** Opening RECORD SET block **
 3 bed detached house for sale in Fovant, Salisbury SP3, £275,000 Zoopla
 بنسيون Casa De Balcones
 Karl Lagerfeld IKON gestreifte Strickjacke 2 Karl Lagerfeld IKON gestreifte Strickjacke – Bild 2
** Closing RECORD SET block **
** Opening RECORD SET block **
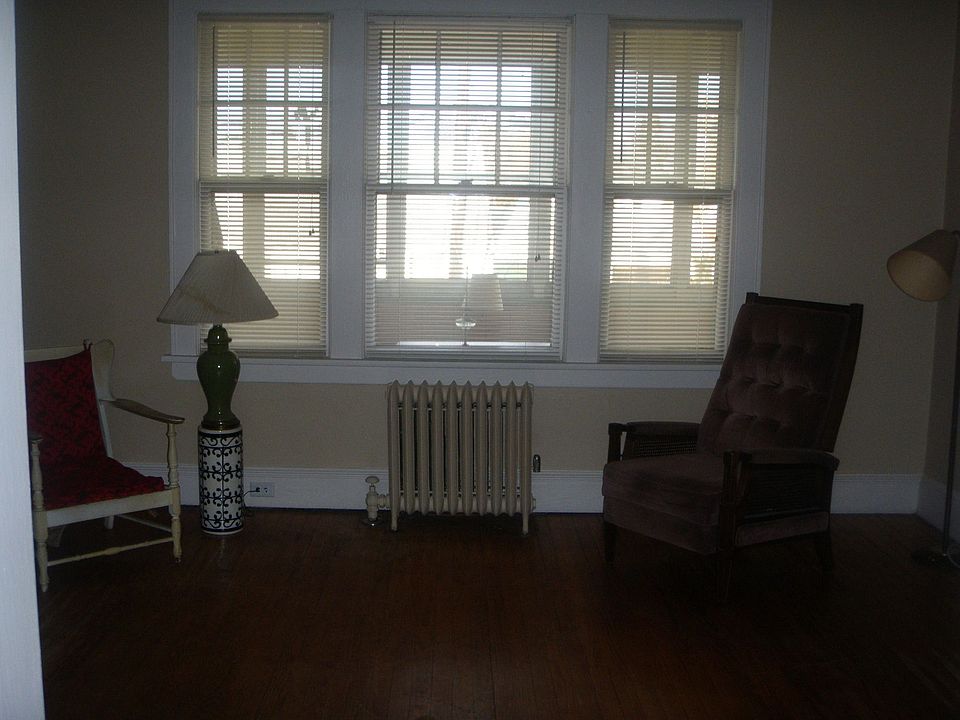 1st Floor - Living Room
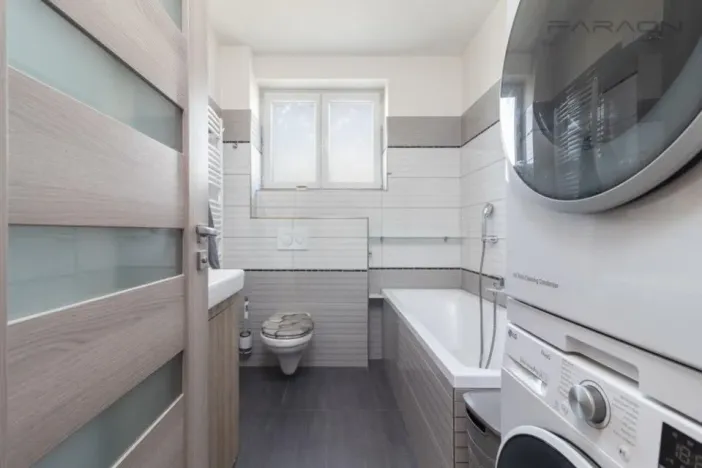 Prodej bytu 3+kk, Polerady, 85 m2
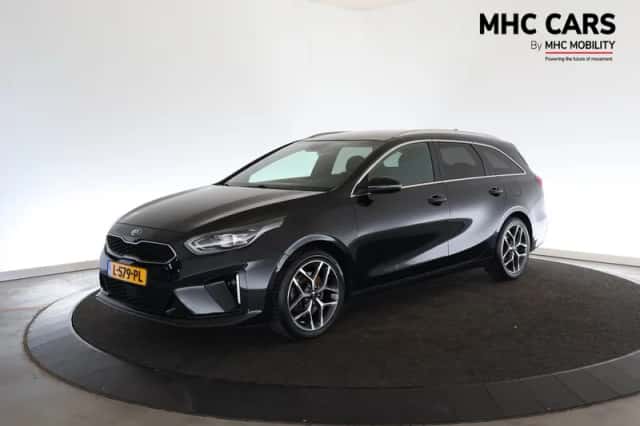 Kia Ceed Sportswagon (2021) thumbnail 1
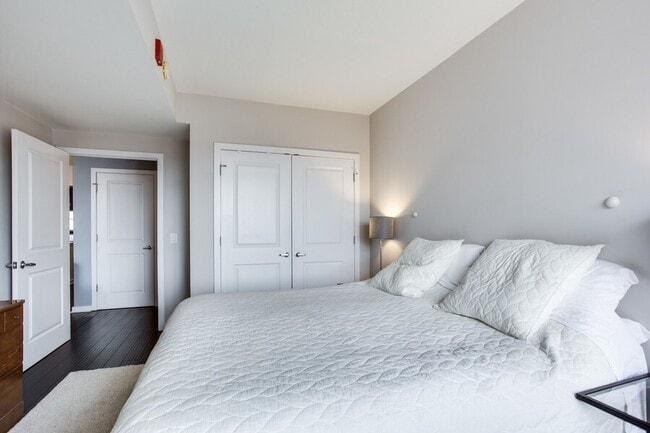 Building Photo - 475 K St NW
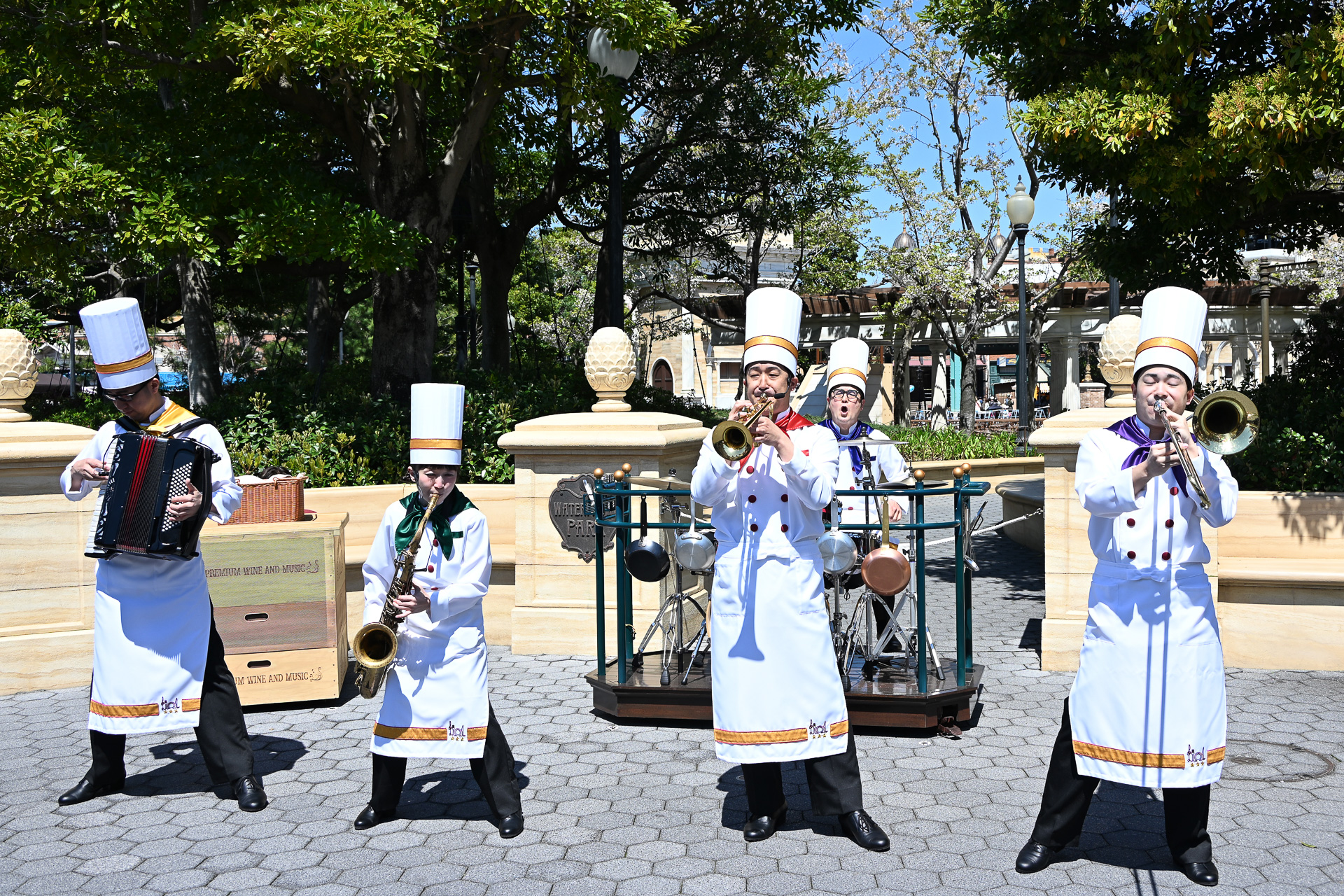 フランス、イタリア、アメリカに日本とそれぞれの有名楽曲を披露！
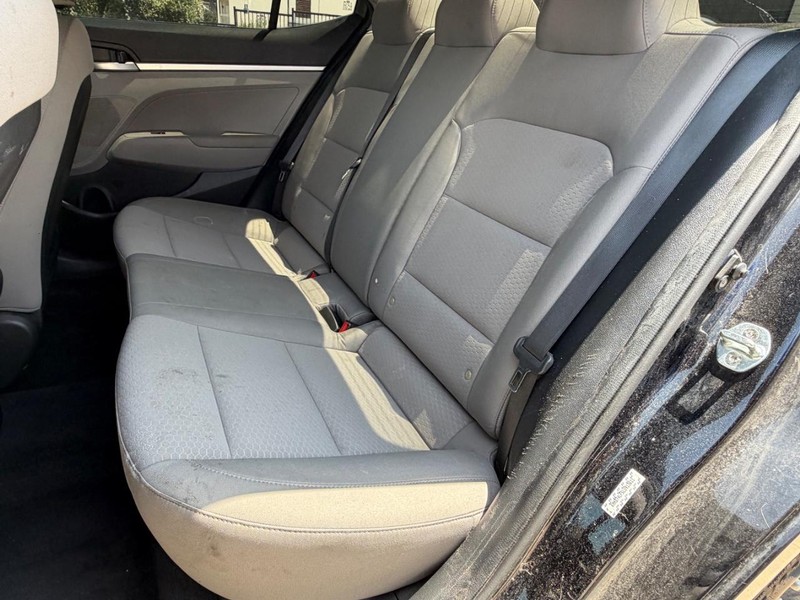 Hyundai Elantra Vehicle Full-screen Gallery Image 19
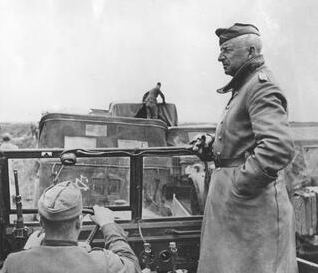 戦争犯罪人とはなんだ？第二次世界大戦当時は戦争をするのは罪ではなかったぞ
** Closing RECORD SET block **
EXERCISE: Repeat word for word the lines above that run from the line containing "3 bed detached" through the line containing "Karl Lagerfeld IKON gestreifte Strickjacke 2", both ends included, and nothing else.

RESPONSE FOR THIS EXERCISE:
 3 bed detached house for sale in Fovant, Salisbury SP3, £275,000 Zoopla
 بنسيون Casa De Balcones
 Karl Lagerfeld IKON gestreifte Strickjacke 2 Karl Lagerfeld IKON gestreifte Strickjacke – Bild 2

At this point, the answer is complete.